Source material:
==================================================

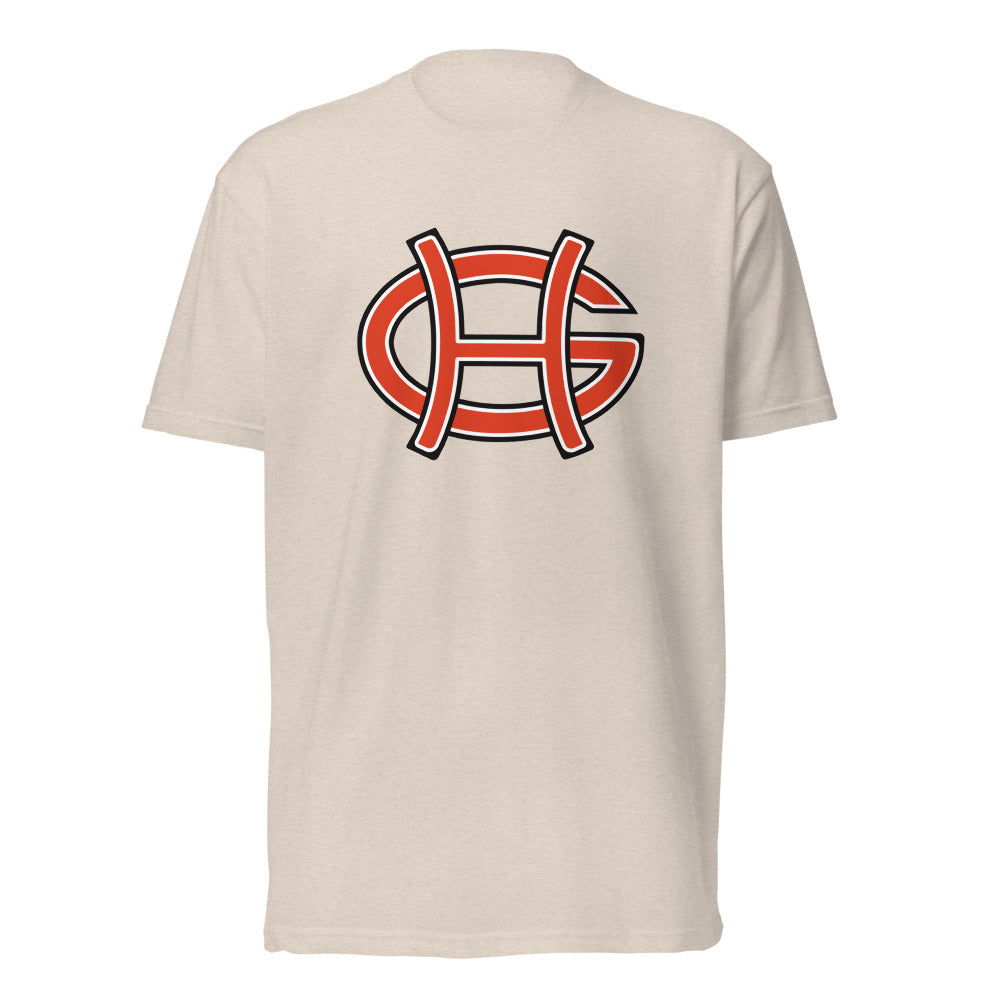 Good Hope High School Design 1 — Sand
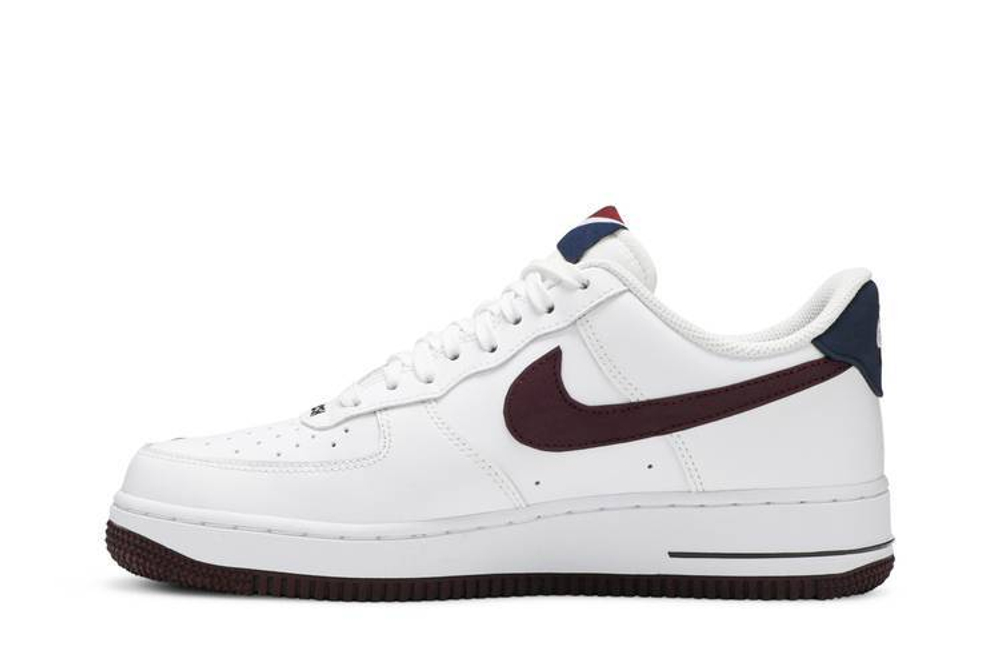Кроссовки Nike Air Force 1 Low 07 Lv8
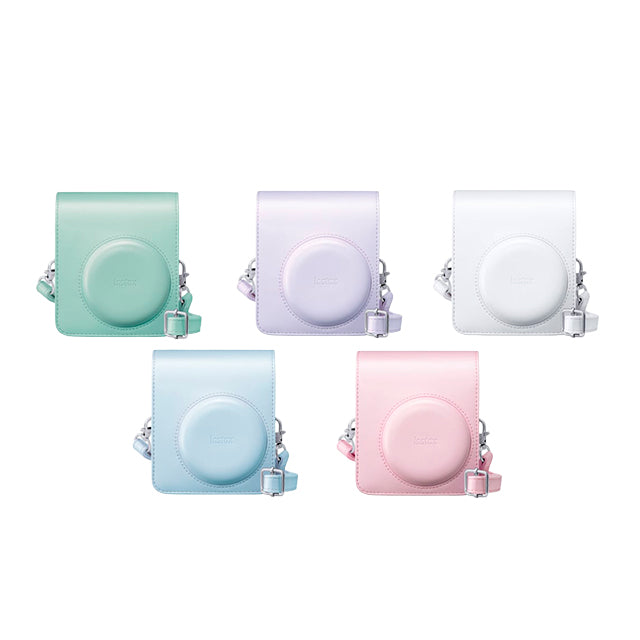 Fujifilm Instax Mini 13 Kamerataske Creamy Purple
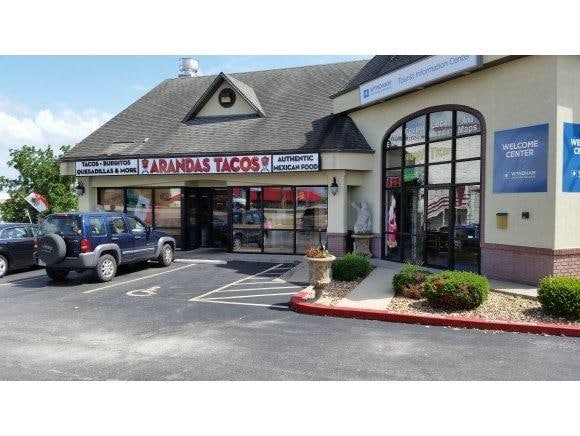 2410 Hwy 76, Branson, MO for lease - Building Photo - Image 3 of 4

==================================================

Work item: The required response consists solely of the lines from the line containing "Fujifilm Instax Mini" through the end of the listing, both ends included, copied exactly without pictures.

Exercise solution:
 Fujifilm Instax Mini 13 Kamerataske Creamy Purple
 2410 Hwy 76, Branson, MO for lease - Building Photo - Image 3 of 4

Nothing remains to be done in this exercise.